Fino adesso, purtroppo, la miopia della politica ha preferito ricorrere unicamente ai tagli delle risorse destinate alla tutela della Salute, ma anche di quelle destinate ai meccanismi retributivi dei dipendenti del Ssn che, al pari di tutti quelli della Pa, hanno pagato un conto salatissimo anche in questi termini, creando una situazione di scontento e di profondo malessere che non può che incidere negativamente anche sulle prestazioni lavorative di tali soggetti, i quali nel contempo vengono demonizzati da campagne mediatiche e incaute affermazioni politiche che li hanno etichettati ora come “fannulloni” ora come “furbetti”, generalizzando artatamente i comportamenti scorretti di una minoranza certamente da stigmatizzare e perseguire, forse con l’intento da parte di qualcuno di mettersi la coscienza a posto e di giustificare la progressiva demolizione del pubblico impiego.

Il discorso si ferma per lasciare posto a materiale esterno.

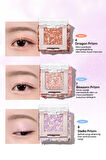 Topaklanmayan El Yapımı Holografik Simli Far Modern Shadow Glitter Prism (No.8 Stella Prism)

Il Ssn andrebbe quindi ripensato, con interventi avanzati che predispongano un sistema nuovo, in grado di guidare un processo di riduzione degli sprechi attraverso una lotta senza quartiere nei confronti della corruzione e un cambiamento radicale volto ad eliminare le inefficienze e le perdite economiche legate al sovrautilizzo e al sottoutilizzo di servizi e prestazioni sanitarie. A fonte di tutto ciò, al di là delle difficoltà oggettive nel realizzare tali programmi, resta il fatto che nel giro di pochi anni va invertito il trend del definanziamento pubblico della spesa sanitaria.
I nuovi modelli organizzativi potranno dare respiro all’asfittico SSN in crisi ma, nel lungo periodo, sarà comunque indispensabile il ritorno ad una crescita del finanziamento pubblico, perché senza risorse finanziarie adeguate non è nemmeno immaginabile la sopravvivenza e il funzionamento del nostro Ssn.
È giusta quindi, anzi sacrosanta, la guerra agli sprechi di qualsiasi genere, ma altrettanto irrinunciabile è l’adeguamento delle risorse e la loro corretta distribuzione. La politica deve tornare al più presto ad occuparsi della Sanità pubblica, non guardando più ad essa come ad una fonte inesauribile a cui attingere per sanare i conti pubblici, ma nuovamente come un diritto da tutelare, assumendosi il compito di salvaguardare una delle più grandi conquiste sociali dei cittadini italiani, un Ssn equo e universalistico da lasciare in eredità alle future generazioni.